Uma característica dos motores com sistema EGR consiste na maior cilindrada para gerar uma potência semelhante a outro, de menor cilindrada, em decorrência dos elementos inertes introduzidos na câmara de combustão.
AS OPÇÕES DE CADA FABRICANTE
Para atender às normas Euro 5 e EPA 2010 (as principais em vigor no mundo), fabricantes de motores de maior porte e caminhões mais importantes caminharam em direção ao uso do sistema de redução seletiva (SCR). A Ford nos motores Powerstroke 6,7-L (projetados e construídos pela empresa), Cummins, Paccar Mercedes-Benz, Volvo e Scania escolheram esse sistema dada a sua menor complexidade e a maior robustez.

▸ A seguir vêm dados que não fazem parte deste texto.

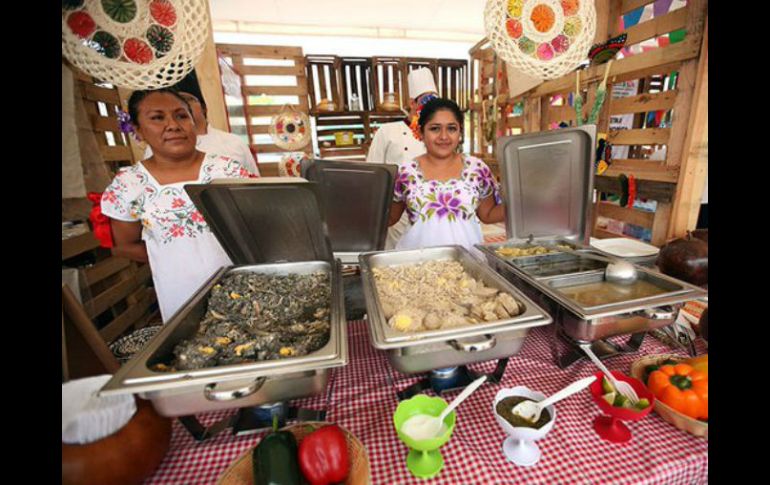 Señalan que la carne que consumían los antiguos pobladores de estas tierras eran el venado y el armadillo, así como o salsas locales. TWITTER / @YucatanTurismo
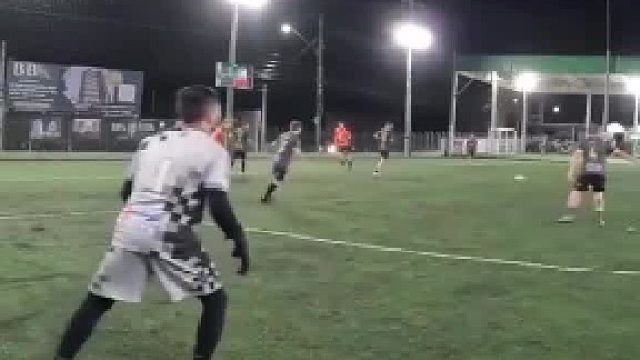 就差一厘米进球被门将死死按住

A MAN (atualmente parte do Grupo Volkswagen) e a Navistar adotaram a estratégia de empregar EGR + catalisador de oxidação de diesel conjugado com filtro de partículas. Na MAN, o sistema foi bem sucedido, e os caminhões da empresa continuam tendo a mesma reputação de quando empregavam os tradicionais motores Cummins e MWM. Contudo na Navistar (fabricante dos motores International — atualmente chamados de Maxxforce — e MWM), o uso do EGR incorreu em diversos problemas.
Depois de anunciar a chamada “Navistar in cylinder solution” em 2009, a empresa deu uma guinada em 2012 e anunciou que seus motores Maxxforce passariam a empregar a tecnologia SCR para atingir as metas de emissões estabelecidas pela normas americanas de 2010.
No futuro quando forem implementadas as normas Euro 6 e EPA 2017, provavelmente não será possível dispensar todos os sistemas de controle de emissões possíveis para atender as exigências das autoridades, uma vez que como já foi abordado, existe um lobby para banir o diesel na Europa, muito mais em função da elevadíssima demanda desse combustível do que das emissões propriamente dito (que comparativamente aos motores de ciclo Otto, estão em pé de igualdade — mas sem o mesmo rendimento térmico e menor consumo do diesel).
Hoje o diesel ainda é a única solução viável para movimentar motores que exijam altos rendimentos e necessitem de robustez e consumo comedido, tanto para autonomia quanto para a viabilidade econômica. E a indústria, até agora tem respondido de maneira assertiva às exigências cada vez maiores em termos de emissões.